How do we ditch fossil fuels?

15 Feb 2012

Environmental concerns about the impact of carbon-dioxide emissions are continuing to build, and politicians are becoming increasingly aware that fossil-fuel reserves will not last forever. Part of a technological solution to these problems is to invest in cleaner and more sustainable energy technologies. But, of course, there are plenty of technical and political hurdles that need to be overcome first.

Some of these issues are addressed in this exclusive interview with Dan Kammen, founding director of the Renewable and Appropriate Energy Laboratory (RAEL) at the University of California, Berkeley in the US. Kammen is confident that we can transform the global energy system to be supplied entirely by renewable energies, and he believes the main challenge is to seek ways of driving down the costs at all scales.

“We have lots of industry and vested interest thinking about the current system and seeing no benefit, but lots of risks, in making the transition. And we need to bring those risks down through financing mechanisms, through popular community voter support,” he says.

Kammen also voices his opinion on the role that nuclear energy should play. “Nuclear is certainly clean in terms of the CO2 emissions, but we have a very mixed record around the world of managing nuclear,” he says. In explaining this point, Kammen refers to both the patchy safety record of the industry and the fact that many high-profile projects have ended up costing far more than their initial budgets.

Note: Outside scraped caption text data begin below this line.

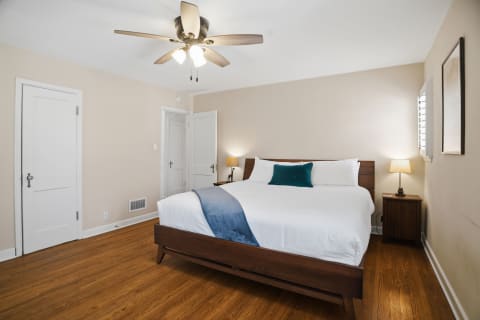 A serene bedroom with a wooden bed, white linens, and warm wood floors.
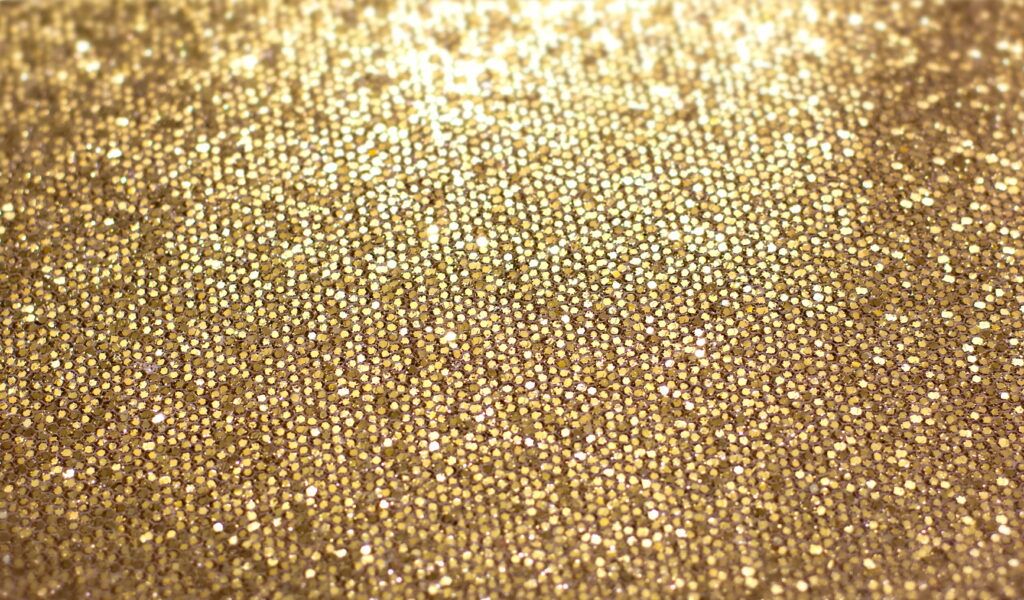 Shimmering Gold: A Glittering Texture for Luxury HD Wallpaper Backgrounds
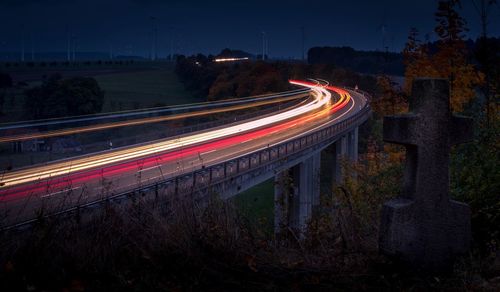 High angle view of light trails on bridge at night
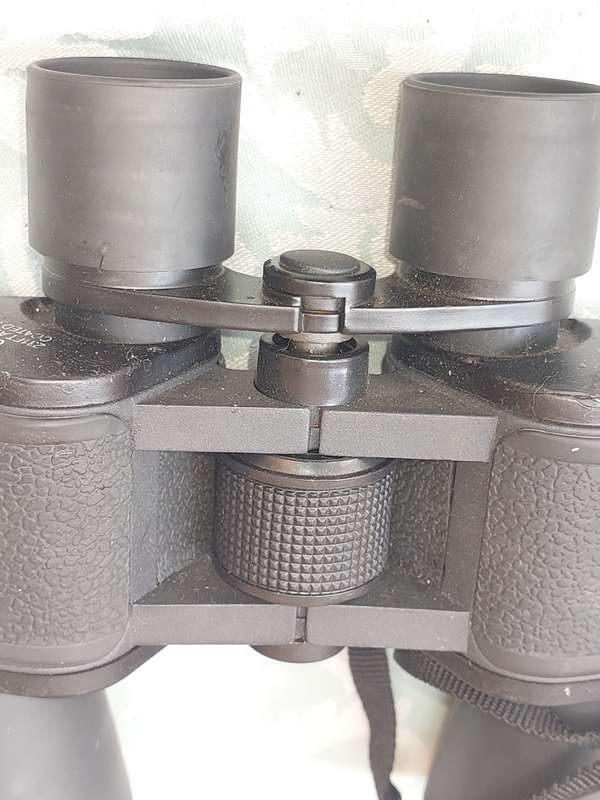 A USED 60X60 BINOCULARS SOLD AS IS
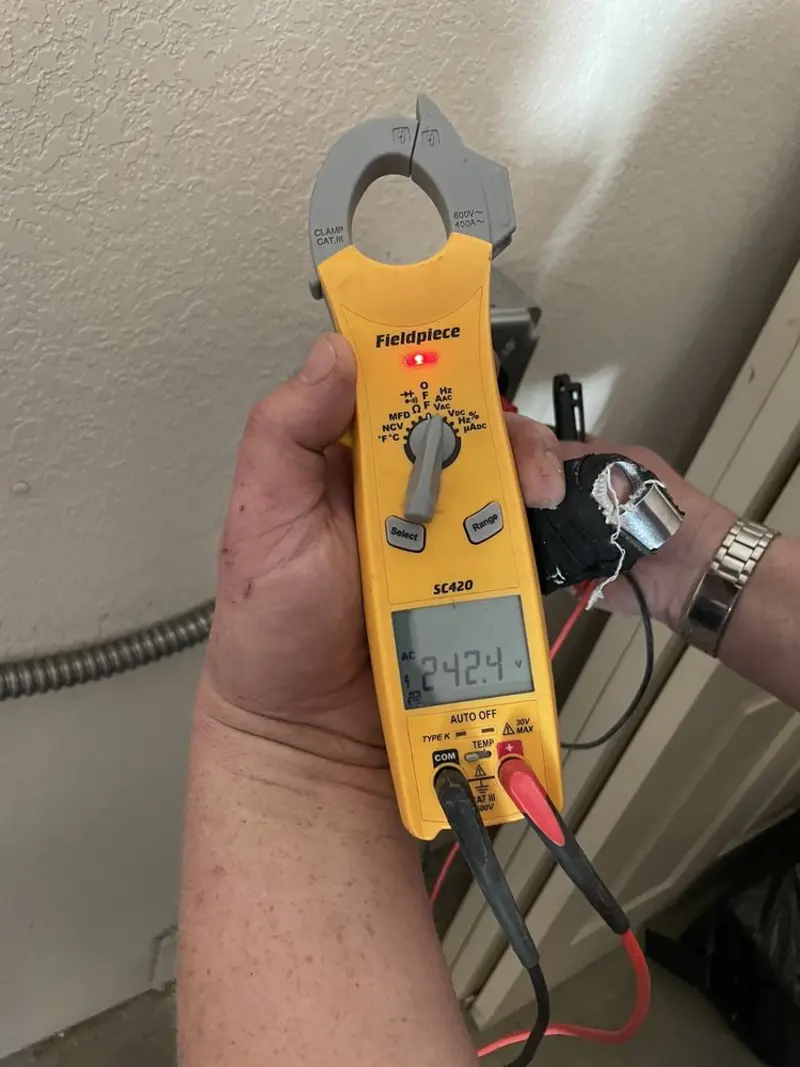 Voltage testing with clamp meter during Generator Installation in Sunrise Manor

In addition to his work at Berkeley, Kammen also works with the World Bank by advising it on technical and policy issues relating to energy projects around the globe. It is a role that has seen Kammen spend time in many locations around the world, including Sudan, Central America and various island states of the South Pacific. Kammen says he sees the rapid industrialization around the world as much more of an opportunity than a problem.

“They’re building energy infrastructure very quickly and they see many of the pitfalls of a fossil-fuel addiction,” he says. “The more they can make use of local clean energy resources and energy efficiency, it allows them to chart a path…and be less dependent than many people thought on the fossil-fuel economy that everyone sees as one we need to eventually phase out.”